Data provided Block Start

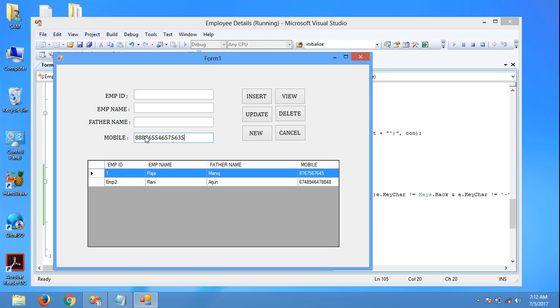See, this mobile number is more than 10 digits - 10, 15 digits we can enter. So we have to set the validation for this to enter maximum 10 digit number. For that...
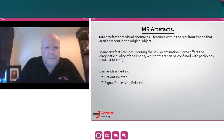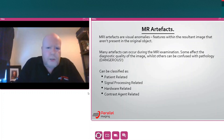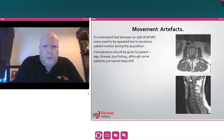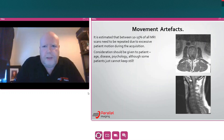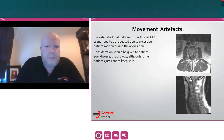The four groups are: patient related, signal processing related, hardware related, and contrast agents related. I'll start with the patient-related artefacts. One of the biggest ones — and I'm sure you've all seen this in your day-to-day work — is an artefact due to patient motion or movement. It's estimated that between 10 and 15 percent of all MR scans need to be repeated due to excessive patient motion during acquisition.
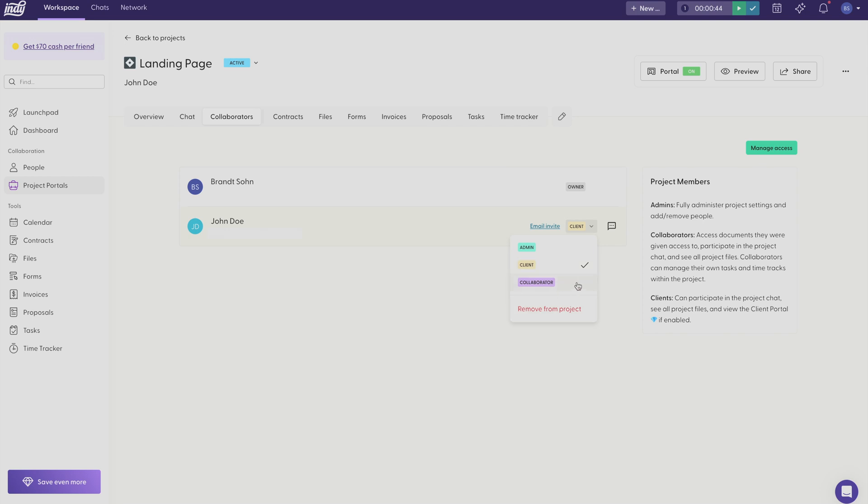And with the collaborator role, this person can directly collaborate on projects with you. They can also participate in group chats. They can even create and manage their own tasks as well as time tracks within the project. And like a client, they can also see all the project files that have been added to the workspace. And you can also remove anyone from the workspace at any time.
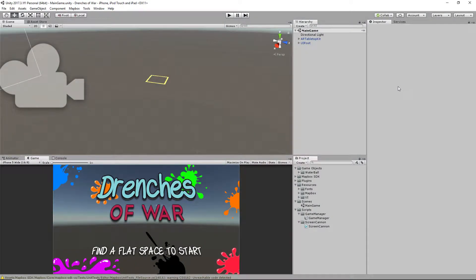Hey everybody, this is Ben with devslopes.com and in this video we are going to be putting together our tank for Drenches of War. Our tank is going to be the enemy object that drives around the scene shooting paint at our buildings, so let's go ahead and get this put together.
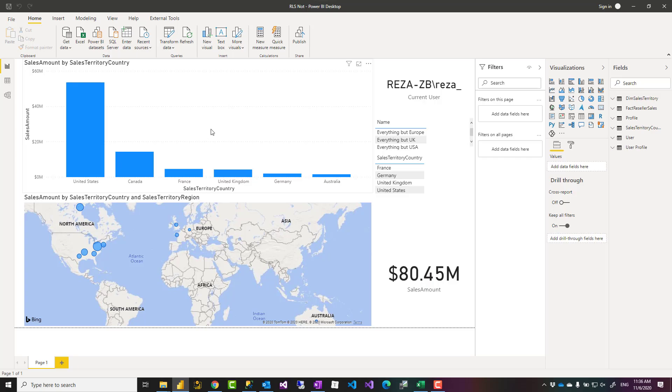Accept or exclude - basically you want to apply rules like for example this role has access to everything but UK, or has access to everything but Canada. How you can do that in a dynamic role-level security?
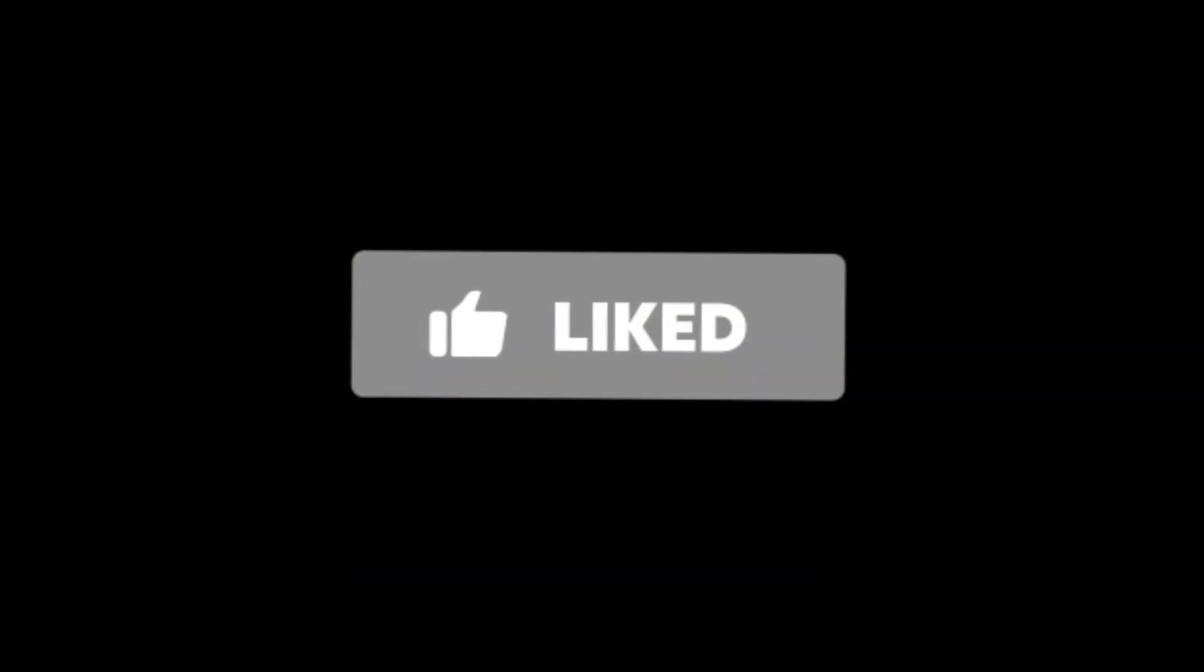If you want a shout out in my next video, make sure to leave a like, subscribe, and comment what's on screen. I will be shouting out the winner in my next video.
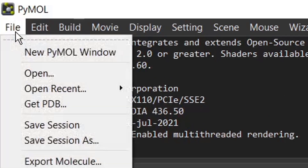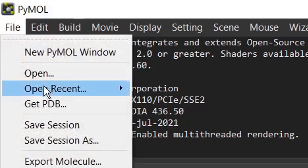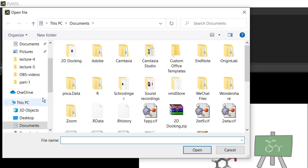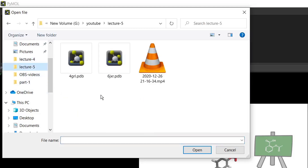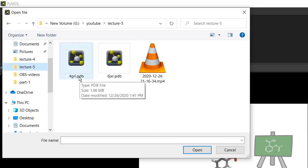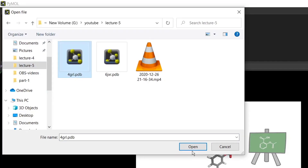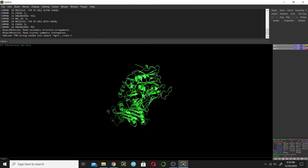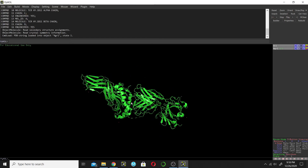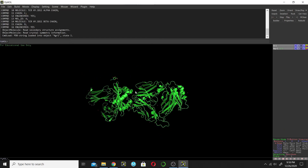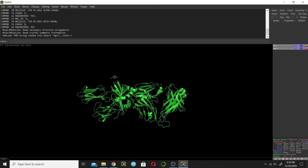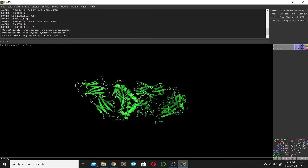Go to the File menu and click Open. Browse for the structure — this is the structure. I want to manipulate this structure. I have opened the structure and now I will find out how many chains are there.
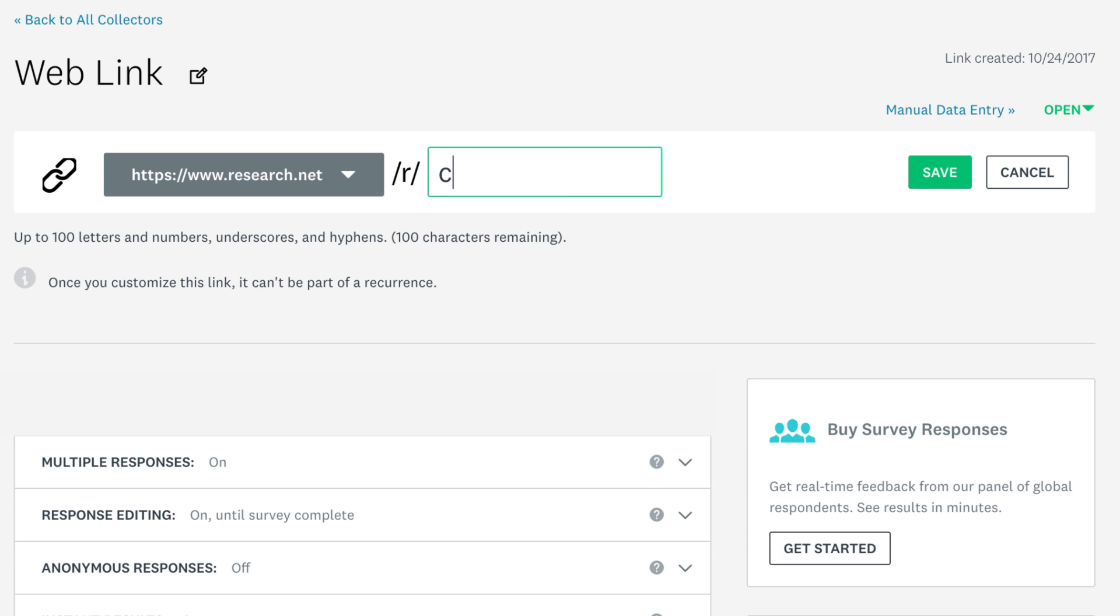You can use alphanumeric characters, underscores, and hyphens here. If you use any unsupported characters, like a question mark, the box will go red and you won't be able to save your link, so you've got to keep that box green in order to save it.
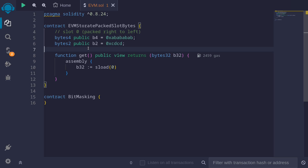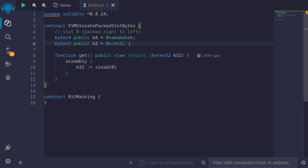In the next video, we'll go into the details of how to read and write from state variables that are packed into a single slot. As an introduction to state variable packing, let's consider a state variable of bytes4 — I've named it b4 — and another state variable called b2 which occupies 2 bytes. In a single slot we can store up to 32 bytes, so these two state variables will be stored in a single slot.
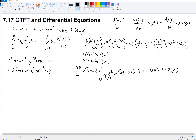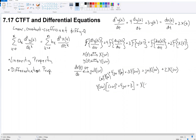Now, notice that on the left side, every term has a Y(jω), so I can factor that out, and I'm left with Y(jω) times [(jω)² + 4jω + 3]. On the right side, every term has an X(jω), so I can factor that out and get X(jω) times [jω + 2].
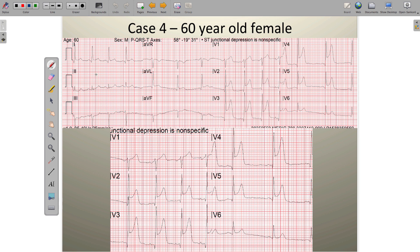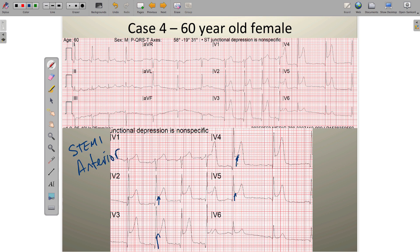Case 4: A quick glance reveals problems in leads V2 through V5–V6. This is a female patient, so only 1.5 mm is required in V2 and V3. Lead V3 has 6–7 mm and V2 has 3–4 mm — well above threshold — continuing through V4 and a little in V5. This is anterior wall STEMI. Looking at the reciprocal inferior leads, subtle ST-segment depression is present, confirming reciprocal change.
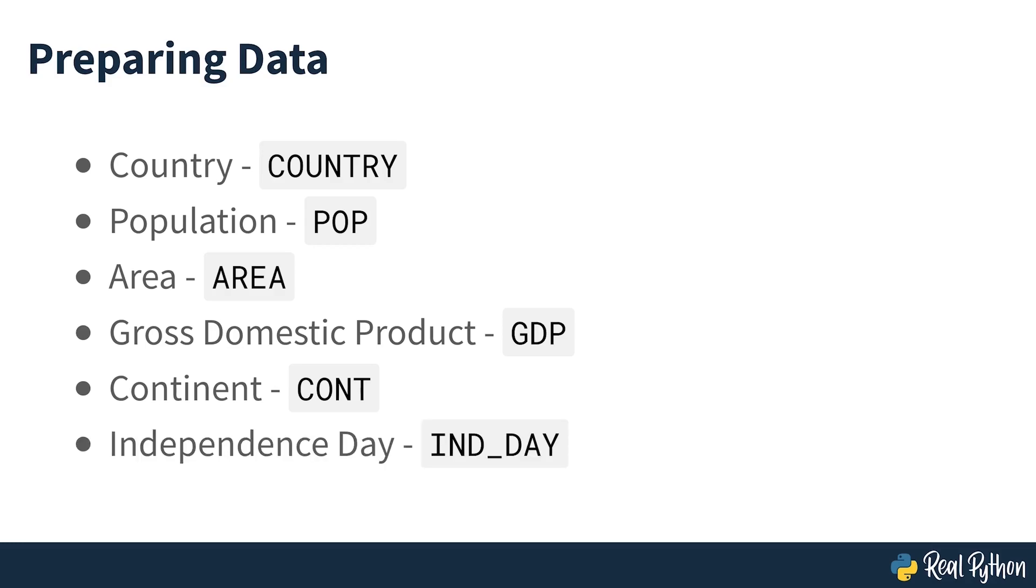Independence day is a date that commemorates a nation's independence. The data comes from the list of national independence days on Wikipedia and the dates are shown in ISO 8601 format. The first four digits represent the year, the next two numbers the month, and the last two are the day of the month. The column label is IND_DAY.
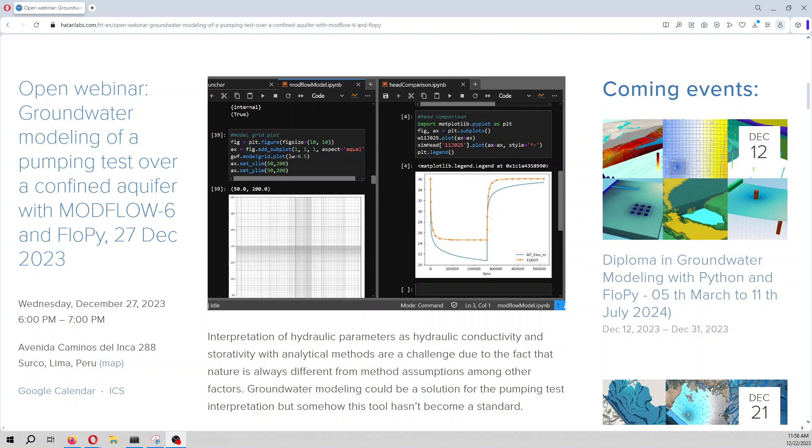Hello my friends from Katari Labs. My name is Saul Montoya. Please welcome to this introduction review to the coming webinar on groundwater modeling of a pumping test over a confined aquifer. We are going to do this with Modflow 6 and FlowPi.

Data provided Block End

Requirement:
In the copy, every entry appears exactly as written above and no picture appears.

Problem solution:
See, this mobile number is more than 10 digits - 10, 15 digits we can enter. So we have to set the validation for this to enter maximum 10 digit number. For that...
The four groups are: patient related, signal processing related, hardware related, and contrast agents related. I'll start with the patient-related artefacts. One of the biggest ones — and I'm sure you've all seen this in your day-to-day work — is an artefact due to patient motion or movement. It's estimated that between 10 and 15 percent of all MR scans need to be repeated due to excessive patient motion during acquisition.
And with the collaborator role, this person can directly collaborate on projects with you. They can also participate in group chats. They can even create and manage their own tasks as well as time tracks within the project. And like a client, they can also see all the project files that have been added to the workspace. And you can also remove anyone from the workspace at any time.
Hey everybody, this is Ben with devslopes.com and in this video we are going to be putting together our tank for Drenches of War. Our tank is going to be the enemy object that drives around the scene shooting paint at our buildings, so let's go ahead and get this put together.
Accept or exclude - basically you want to apply rules like for example this role has access to everything but UK, or has access to everything but Canada. How you can do that in a dynamic role-level security?
If you want a shout out in my next video, make sure to leave a like, subscribe, and comment what's on screen. I will be shouting out the winner in my next video.
Go to the File menu and click Open. Browse for the structure — this is the structure. I want to manipulate this structure. I have opened the structure and now I will find out how many chains are there.
You can use alphanumeric characters, underscores, and hyphens here. If you use any unsupported characters, like a question mark, the box will go red and you won't be able to save your link, so you've got to keep that box green in order to save it.
In the next video, we'll go into the details of how to read and write from state variables that are packed into a single slot. As an introduction to state variable packing, let's consider a state variable of bytes4 — I've named it b4 — and another state variable called b2 which occupies 2 bytes. In a single slot we can store up to 32 bytes, so these two state variables will be stored in a single slot.
Now, notice that on the left side, every term has a Y(jω), so I can factor that out, and I'm left with Y(jω) times [(jω)² + 4jω + 3]. On the right side, every term has an X(jω), so I can factor that out and get X(jω) times [jω + 2].
Case 4: A quick glance reveals problems in leads V2 through V5–V6. This is a female patient, so only 1.5 mm is required in V2 and V3. Lead V3 has 6–7 mm and V2 has 3–4 mm — well above threshold — continuing through V4 and a little in V5. This is anterior wall STEMI. Looking at the reciprocal inferior leads, subtle ST-segment depression is present, confirming reciprocal change.
Independence day is a date that commemorates a nation's independence. The data comes from the list of national independence days on Wikipedia and the dates are shown in ISO 8601 format. The first four digits represent the year, the next two numbers the month, and the last two are the day of the month. The column label is IND_DAY.
Hello my friends from Katari Labs. My name is Saul Montoya. Please welcome to this introduction review to the coming webinar on groundwater modeling of a pumping test over a confined aquifer. We are going to do this with Modflow 6 and FlowPi.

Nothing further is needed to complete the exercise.